Nonetheless, NDP Leader Tom Mulcair called Mourani's decision an honour.
"Her courage her convictions have impressed a lot of people in the last year,"he told a news conference, which featured Mourani signing her name to a giant orange NDP membership.
"Her progressive values are those of the NDP.''
For her part, Mourani said she hasn't fully made up her mind whether she'll run in the 2015 campaign. First, she said, she wants to take the time to talk to her riding executives and constituents.
"Personally, yes, I want to stay in politics otherwise I wouldn't be here," she said in French. "And I want to run for the NDP."
Mourani was thrown into the role of an Independent member of Parliament after the federal separatist party kicked her out for criticizing the then-provincial Parti Quebecois government's proposed charter of values.

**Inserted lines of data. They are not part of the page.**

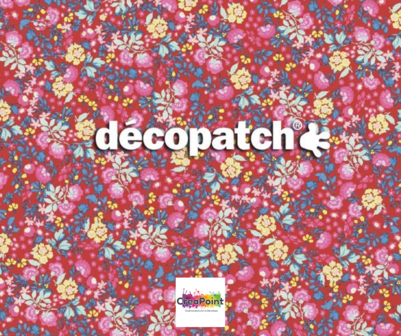 Decopatch papier romantische bloemenprint rood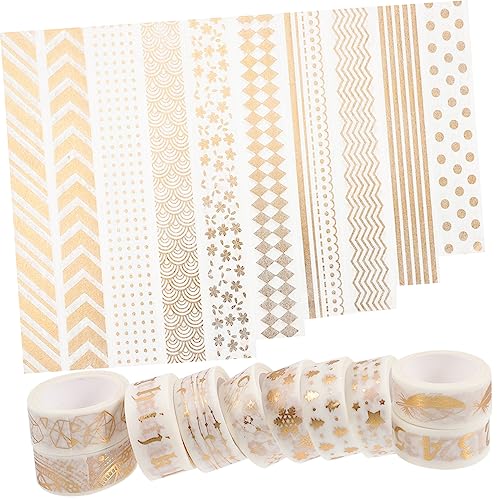 KALLORY 20 Rollen Geschenkverpackungsband the washi tape bastelmaterial washi-tape Geschenkaufkleber alte Kunstbänder Abdeckband Goldprägebänder selber machen dekorative Klebebänder Papier von KALLORY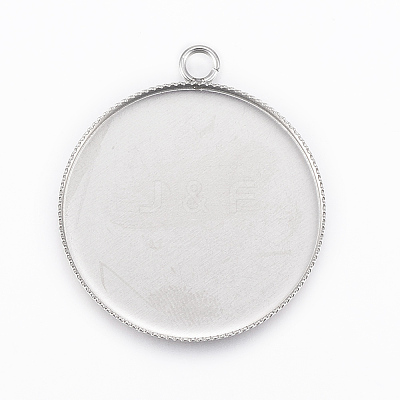 Tarnish Resistant 304 Stainless Steel Pendant Cabochon Settings STAS-E146-18P-30mm-1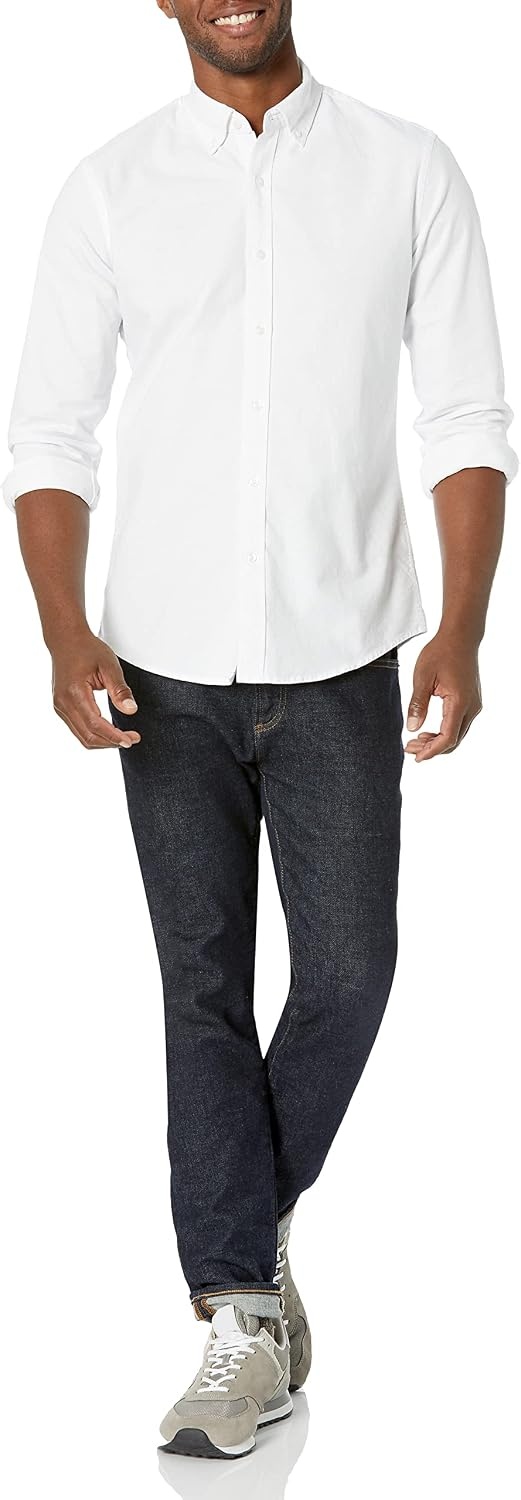 image:imageAmazon Essentials Mens RegularFit Long Sleeve Oxford Shirt 100 CottonWhite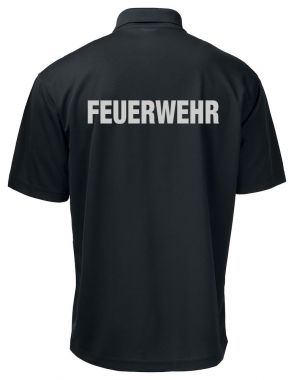 Funktions Polo Piqué Beschriftung refl. FEUERWEHR gross auf Rücken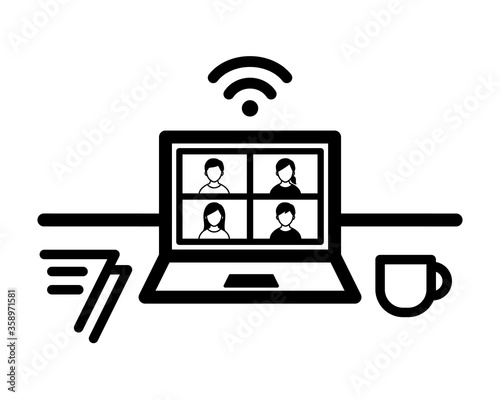 在宅 テレワークのアイコン イラスト リモートワーク Stock Illustration Adobe Stock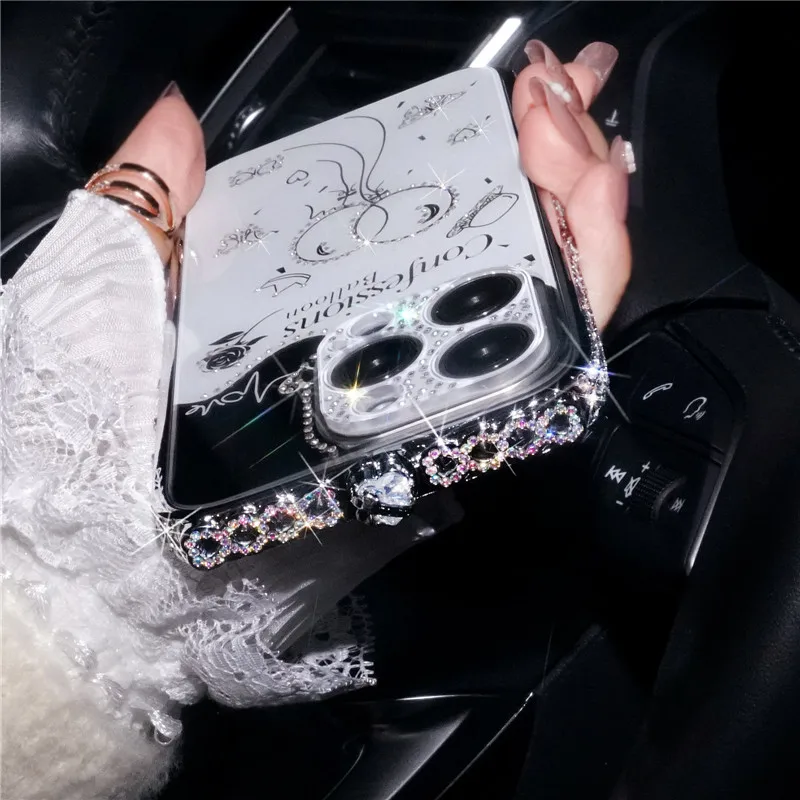 Для iPhone 15 Pro Max 14 13 11 12 Чехол Bling Diamond Bumper Rhinestone Love Inlay Металлический каркас Зеркало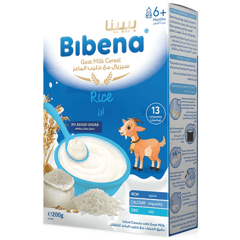 Bibena Goat Milk Cereal Rice 200g
بيبينا سيريال مع حليب الماعز بخلاصة الأرز 200 جم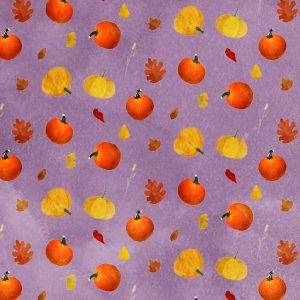 Pumpkin And Fallen Leaves Fall Purple Pattern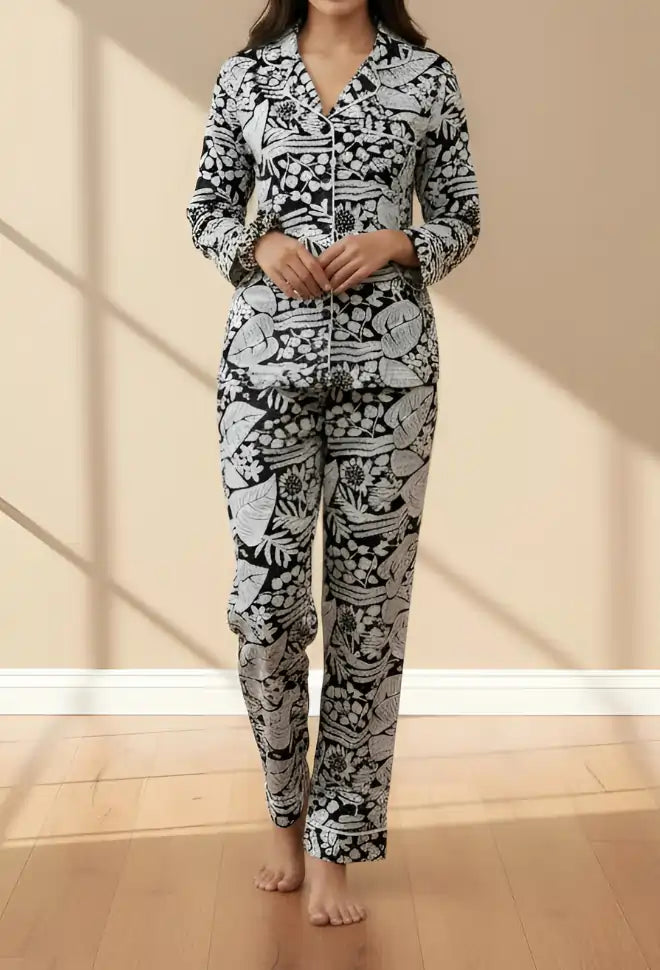WHITE PRINTED PJ SET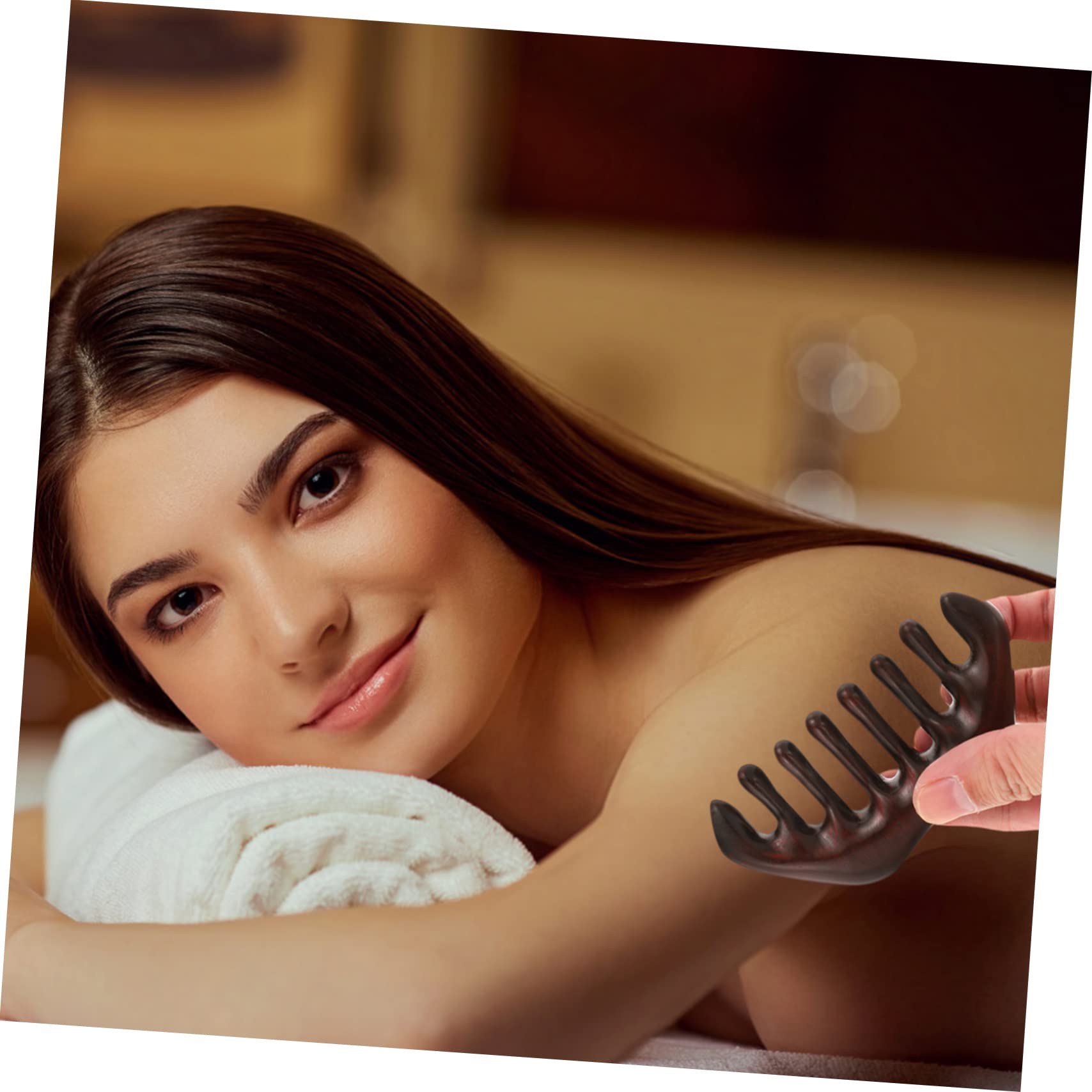 WOONEKY 2 Peines de Madera de Dientes Anchos para Cabello, Masajean el Cuero Cabelludo, Desenredan en Seco o Mojado, para Mujeres y Hombres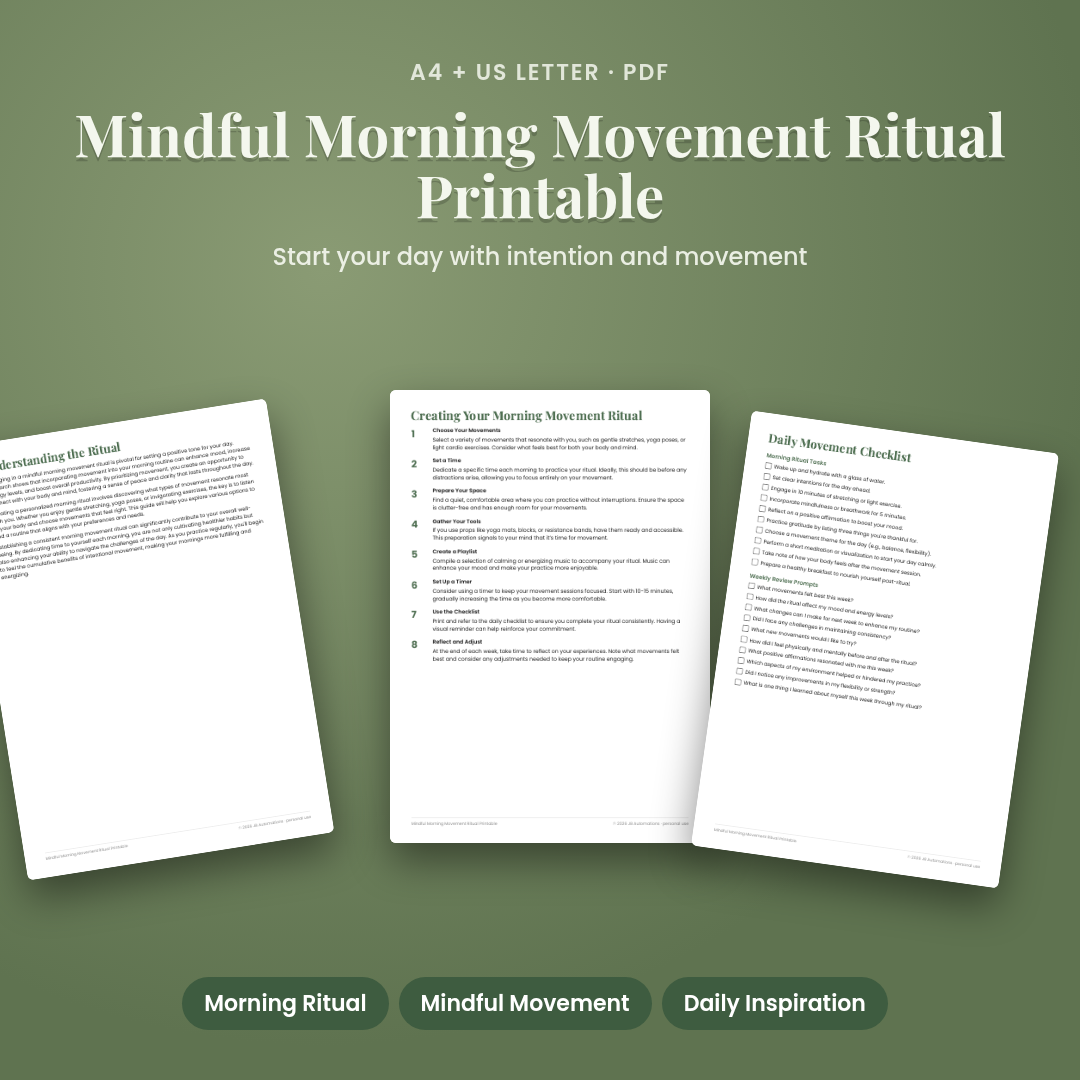 Mindful Morning Movement Ritual Printable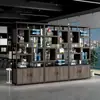 Estante de prateleiras divisórias, estante de livros, tela de ferro estilo industrial autoportante para sala de estar, armário de parede para escritório, decoração de sala de jantar, hall de entrada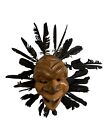 Rare Pacific Northwest Native Carved Wooden Face Mask W  Removable Feathers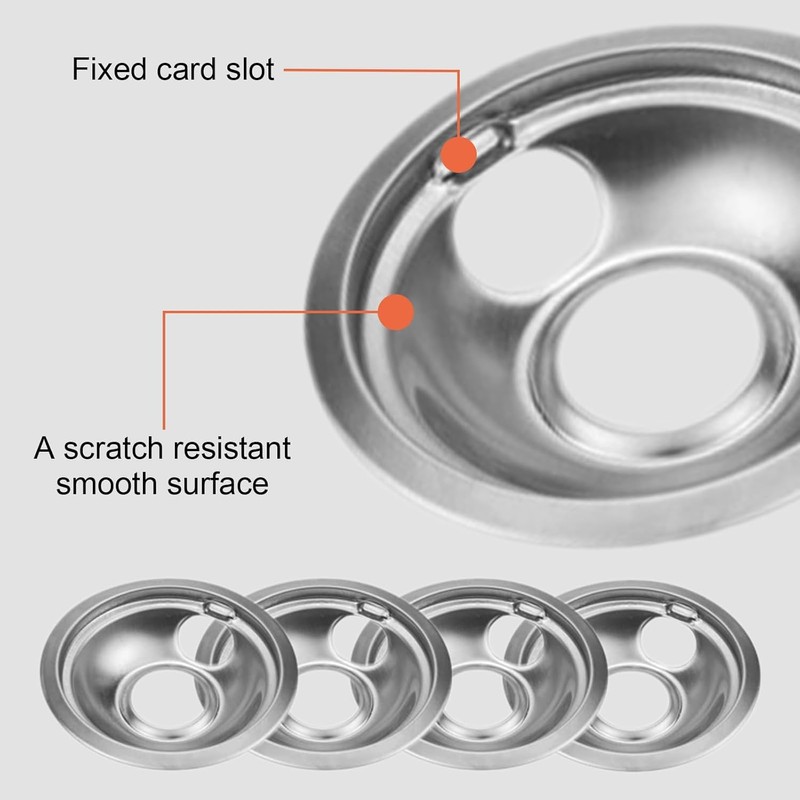 4PCS Chrome Range Drip Pans,Replacemen Electric Stove Drip Pans,Include 2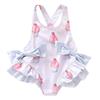 Andannby Newborn Baby Girl Pink Unicorn Swimwear Sleeveless Ruffle One Piece Swimsuit Holiday Beachwear (Pink Ice Cream, 18-24 Months) view 1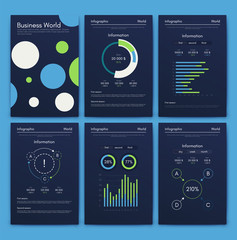 Fototapeta premium Modern infographic vector elements for business brochures. Use in website, corporate brochure, advertising and marketing. Pie charts, line graphs, bar graphs and timelines.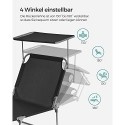 Scaun, pat de soare, scaun mare de soare, 71 x 200 x 38 cm, capacitate de încărcare 150 kg, cu sprijin pentru cap, sprijin pentru spate, umbrelă, pliabil, pentru grădină, negru GCB22BK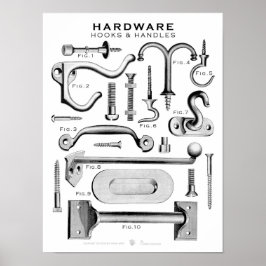 Vintage Hardware Poster Hooks n Handles BW ポスター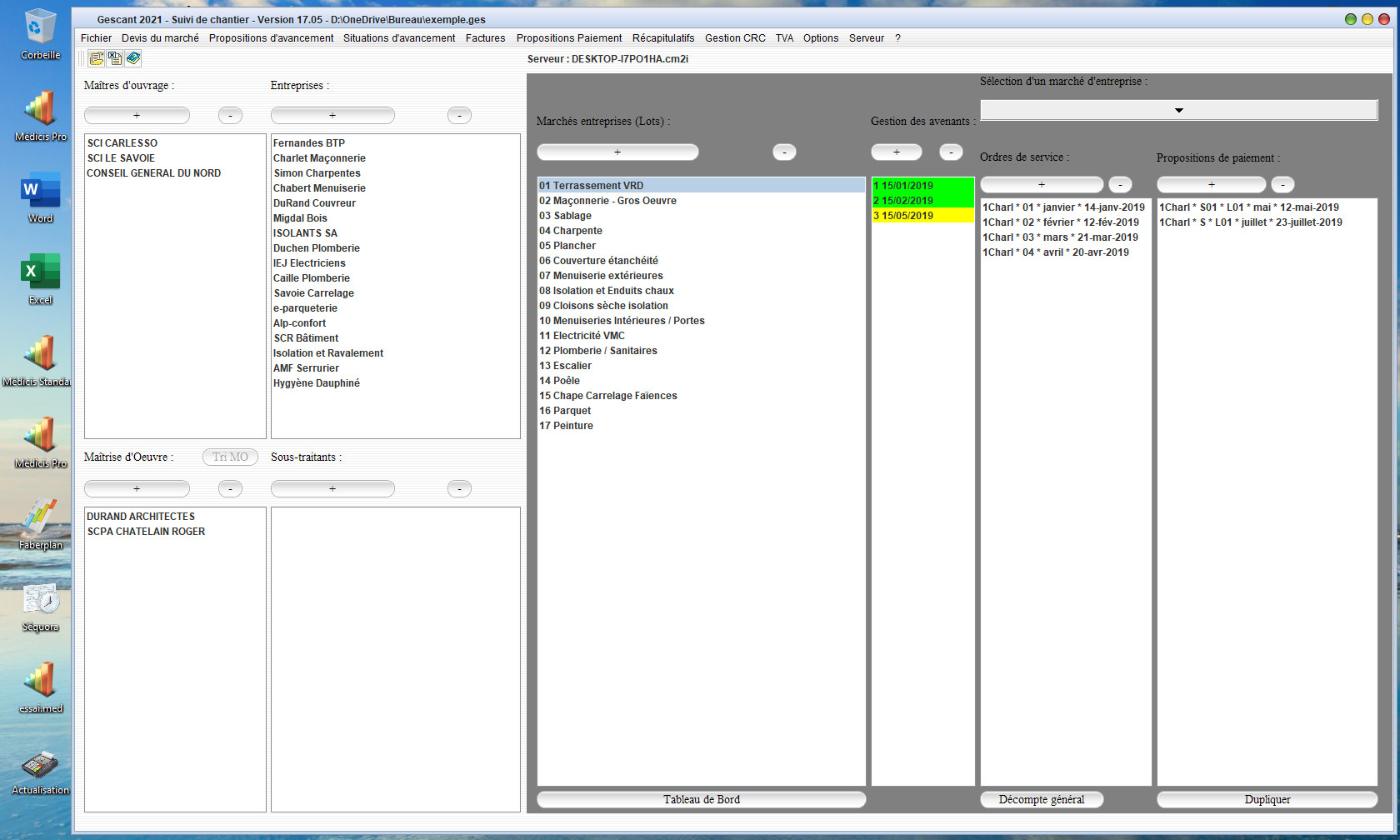 nouvelle version du logiciel de suivi et de gestion de chantier Gescant v17.05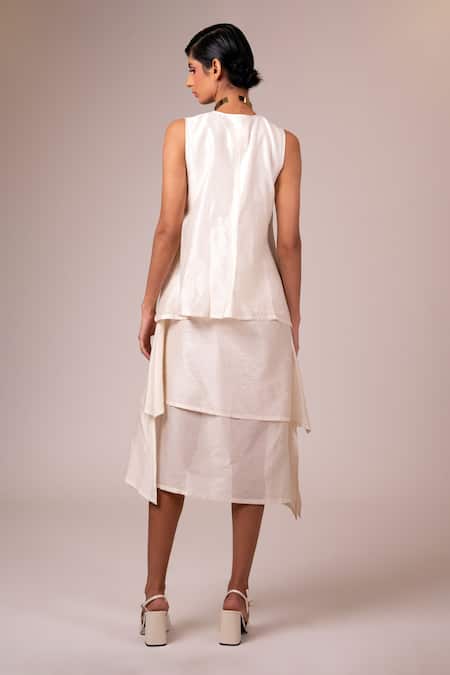 Shop_Madder Much_Ivory Chanderi Silk Embroidery Open Neck Valarie Thread Stepped Midi Dress _at_Aza_Fashions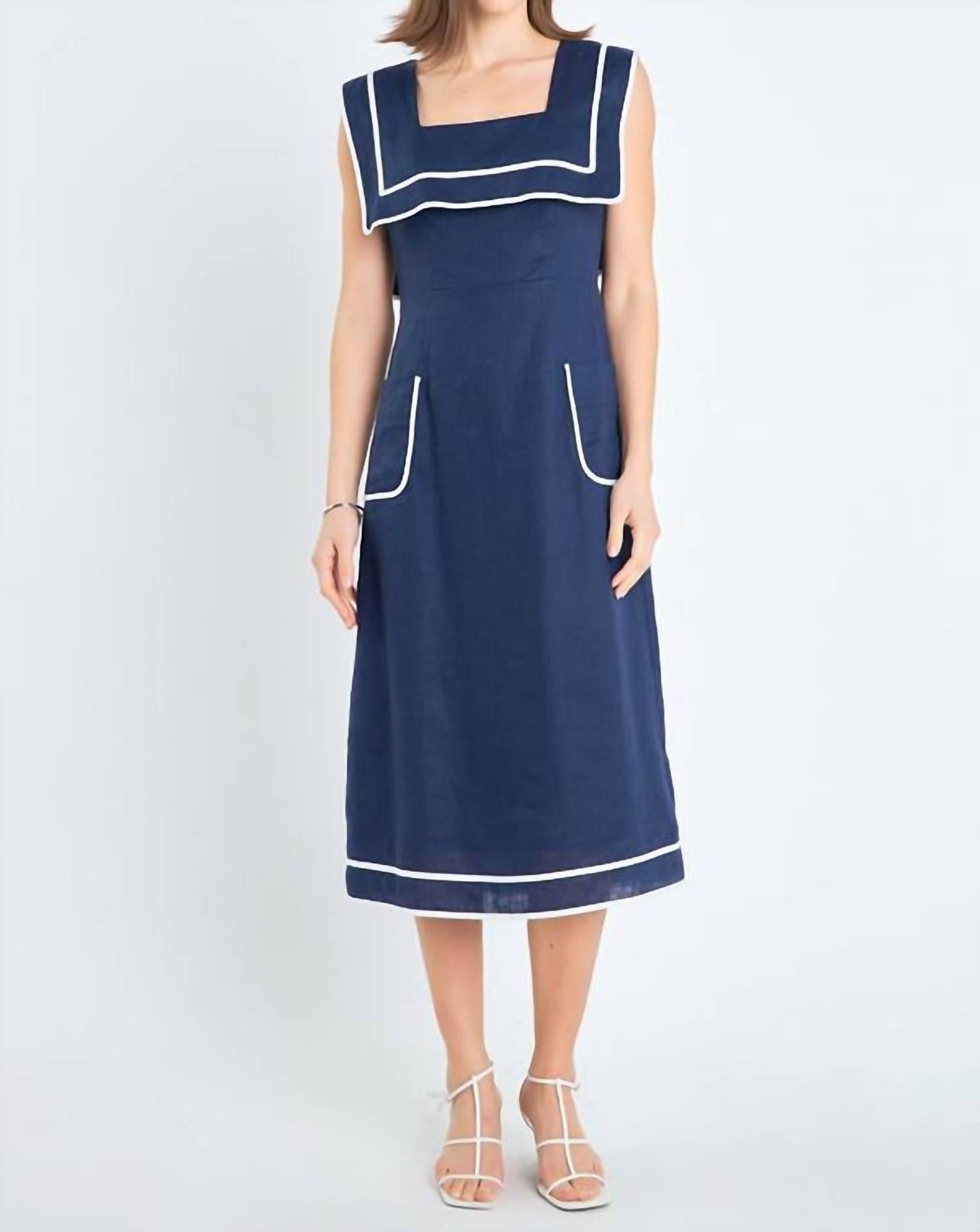 Midikleid mit eckigem Ausschnitt – Marineblau – 7733848473660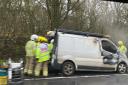 Photos of the van which caught fire on the A303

Though she'd once run for the leadership of the BQ, a few months after being expelled she renounced her separatist beliefs.
After lengthy reflection, she said she now believes her political values align most closely with the New Democrats — a conclusion she said her constituents will understand, if not agree with.
"They understand that I'm social democrat, that I'm progressive, so logically my ideas, my values, my path is towards the NDP," she said. "So I think I'll be much better accepted then if, for example, I went to the Conservative party."
Though she didn't go knocking at those caucus doors, Mourani did say Wednesday she discussed joining the Greens and the Liberals.
She ultimately walked away from the Liberals in part because Trudeau wouldn't meet with her, she said.
"I felt like there is no leader in this party," she said. "For me, a party needs policies, we need values and we need a leader."
Asked about Mourani's comments later Wednesday, Trudeau said the conversations were preliminary.
"Madame Mourani approached us a number of times with an interest in perhaps becoming part of the Liberal team. We indicated that there is a process. We have open nominations," he said.
"And it never got far enough along for me to actually sit down and meet with her."
Mourani was first elected in 2006 to represent the Montreal riding of Ahunstic, though she ran unsuccessfully for the BQ in 2004.
She is the first woman of Lebanese origin to be elected to the House of Commons.